Hyperion

Monteverdi: Sacred vocal music

Monteverdi: Sacred vocal music

Emma Kirkby (soprano), The Parley of Instruments

CDA66021

The last forty years have seen an enormous and extraordinary revival in the knowledge and popularity of Monteverdi’s music. But for every hundred people who know Orfeo and the Vespers of 1610 only a handful can be familiar with the rich storehouse of music contained in two massive publications, the Selva morale e spirituale of 1641 and the posthumous Messa a quattro voci et salmi of 1651, which are in the main the fruits of Monteverdi’s thirty years as director of music at St Mark’s in Venice. This recording is an offering which we hope will win new friends for Monteverdi’s later church music.
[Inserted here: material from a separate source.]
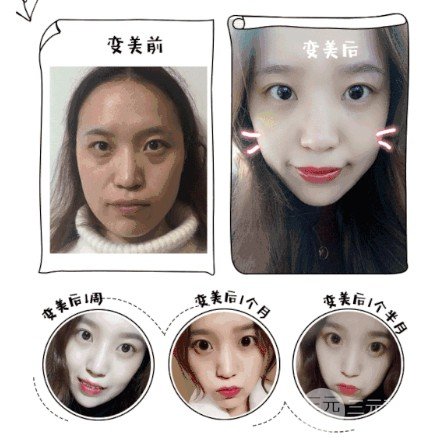 抽脂去除眼袋降低風(fēng)險(xiǎn)嗎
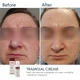 Осветляющий крем BRADERM Tramexal Cream, 30 мл 00-00000388 - изображение 4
One of the reasons why this marvellous music is still virtually unknown is that it does not conform to the modern image of Monteverdi as a master of massive choral and instrumental effects in the tradition of Giovanni Gabrieli, and some of it is not even choral music at all. The polychoral tradition perfected by Gabrieli, and found to some extent in Monteverdi’s Vespers of 1610, was superseded very soon after Gabrieli’s death in 1612 by a new style based on the fashionable vocal techniques of opera, and on the use of small ensembles mixing both voices and instruments.